How to Lure Cats Out of Hiding
There are many solutions to get cats to stop hiding outside. The most effective tactic is based on the reason why it happened, so having a very basic understanding of what cats think about during the day can be useful. The most common approaches to luring out a cat are as follows:
- Tempting with food
- Engaging hunting instincts
- Creating a safe space
- Providing new territory
- Secret entry to the home
It may take a trial-and-error approach to make cats come out from hiding. Cats conceal themselves for a number of reasons. Always start with food, and then work your way down the list.
Food and Treats
Tempting a cat out of hiding with food is often a failsafe. Cats will only ignore hunger for so long. Eventually, your cat will want to come indoors to eat. Placing food outside will bring them from their hiding place sooner.
This approach will be most effective if the cat is hiding for recreation. Some mischievous cats hide as part of a game. Your cat finds it amusing to watch you search while it hides. It can see you, but you cannot see it. This appeals to a cat’s hunting instincts.
A playful cat can usually be tempted out of hiding by food. Take a wait-and-see approach after laying down the food. Cats grow bored of playing alone. Eventually, when you are no longer looking, the game loses its luster and hunger will start to take over.
If using food to tempt a cat out of hiding, don’t just lay down dinner. Your cat knows that it will be fed anyway once it comes home. This is not sufficient to alter a cat’s plans. Cats can be surprisingly stubborn.
Instead, always have a favorite food kept in reserve for emergency occasions. Tinned tuna is ideal, if your cat enjoys this type of food. The strong smell of the tuna will be overwhelming for the cat. Often, this will lead to an immediate emergence from hiding.
Hunting and Stalking
Appealing a cat’s hunting instincts will often coax it from a hiding place. Most cats cannot resist the opportunity to stalk and pounce.
Encourage your cat to hunt an inanimate object, such as a toy or piece of string. Stay out of sight. Cats know the difference between playing and live prey. If necessary, make the toy smell like food. Rub some gravy or tuna juice on the toy. This will also mask your own smell.

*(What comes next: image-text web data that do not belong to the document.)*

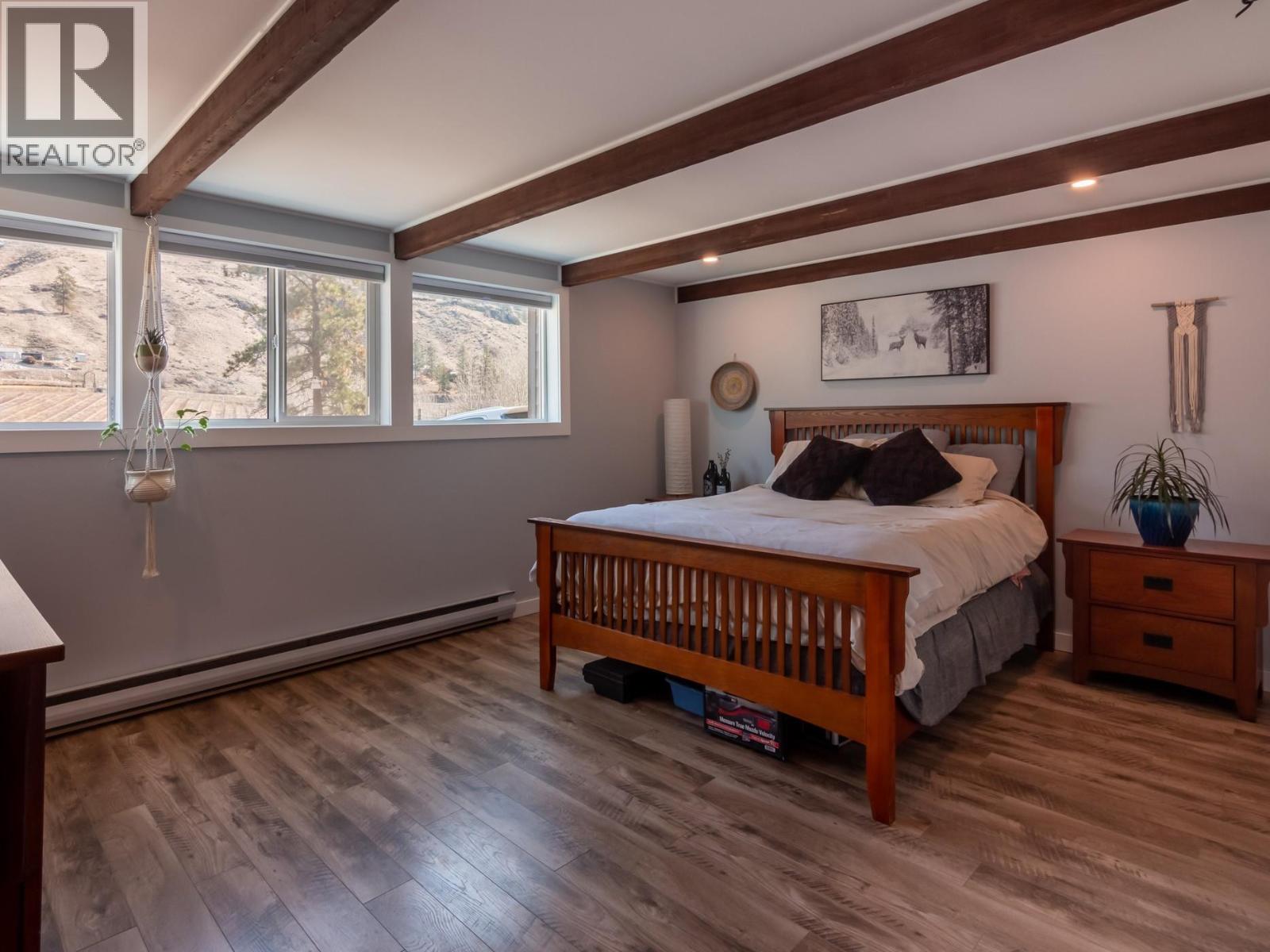 20412 Garnet Valley Road - 24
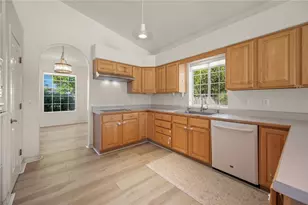 4069 Monte Moro Way, Kingman, AZ 86401 - Photo 13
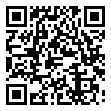 Scannable QR Code Link for 2329 S American Street property details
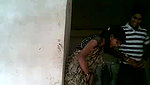 lucknow temple sex scandal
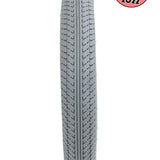 12" KENDA 12 1/2 x 2 1/4 47-203 HARMAA – ulkorengas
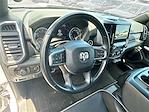 2023 Ram 1500 Crew Cab 4WD Pickup for sale #CV665696 - photo 12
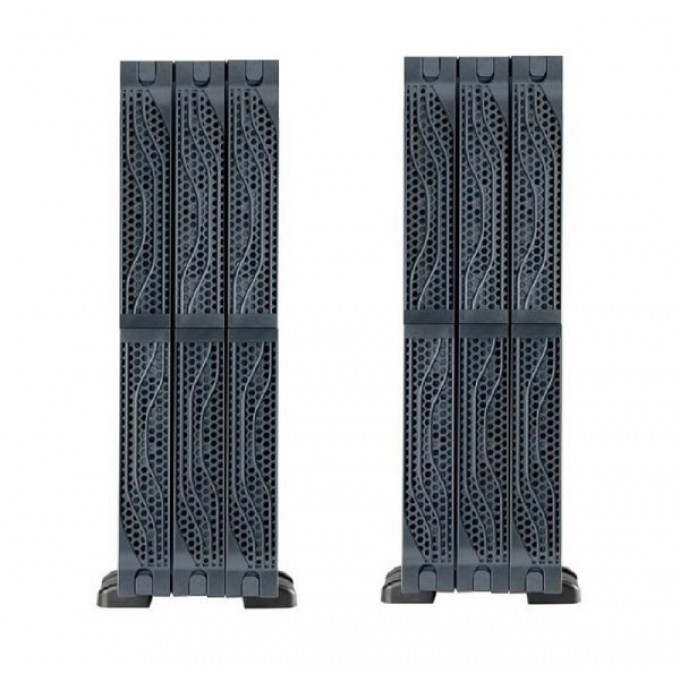 Батарейный шкаф LEGRAND 310669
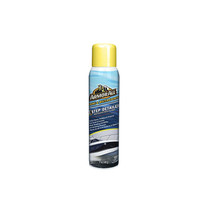 Armor All One Step Detailer Wash & Wax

When your cat emerges into the open to stalk the toy, retrieve the cat. It may be helpful to have an extra pair of hands for this part. It can be a lot of work to retain the cat’s interest and simultaneously capture it.
Your cat may require a more interactive approach. Consider allowing your cat to hunt you. Stand close to where you believe your cat may be and stay quiet. Make small, silent movements. Eventually, the cat will be unable to resist stalking you.
If this still does not work, identify whether your cat is already hunting. If there are birds nearby, they will likely be attracting your cat’s attention. Encourage the birds to scatter. Doing so will break your cat’s hunting thrall.
If a cat hears a sound that frightens it, or picks up a strange scent, it will flee. This leads cats to it hiding somewhere small and tight. Until the danger has passed, the cat will not re-emerge from hiding.
Manage this by offering the cat a small, enclosed space to move into. Place cardboard boxes around the outside area. Fill each of these boxes with tempting food. Watch from a safe place, though.
Once the cat notices these boxes, it will make a move. The cat will feel more secure in a box than in the open. Once your cat has moved into the box, bring it inside. It is inadvisable and more difficult to handle a frightened cat. It will likely not wish to be picked up.
If you know where your cat is hiding, you can also use a pet carrier. This could backfire, though. Some cats associate carriers with a trip to the vet.
Fear of Predators
The box approach is also effective when a cat is hiding from predators. Felines are mesopredators, meaning that they both hunt and are hunted by larger animals. This makes cats skittish and anxious when confronted with a potential enemy.
This predator could have been a local dog, or a rival cat. Dogs with high prey drives will chase cats. Likewise, other cats will protect their territory fiercely. The pets of your neighbors may have driven your cat into hiding. Cats also have a healthy fear of numerous wild animals. These include:
Depending on where you live, your cat could encounter these animals while roaming. If this happens, the cat will not come out of hiding until it feels safe. This may be under the cover of darkness.
Locate your cat and position a box or pet carrier nearby. Fill the vessel with tempting aromas. When your cat enters the carrier, secure it and take the cat home.
It’s best to keep your cat indoors for a while after this experience. Many cats will be frightened and want to stay in anyway. Ensure that your cat feels safe and secure in the home. Eventually, your cat will build up enough courage to roam again.
Territory in the Home
As territorial animals, cats often claim an outside area as their own. It can be hard to convince the cat to leave this territory. Inside the house, cats are constrained by rules. Outdoors, a cat can claim any territory and feel free of restriction.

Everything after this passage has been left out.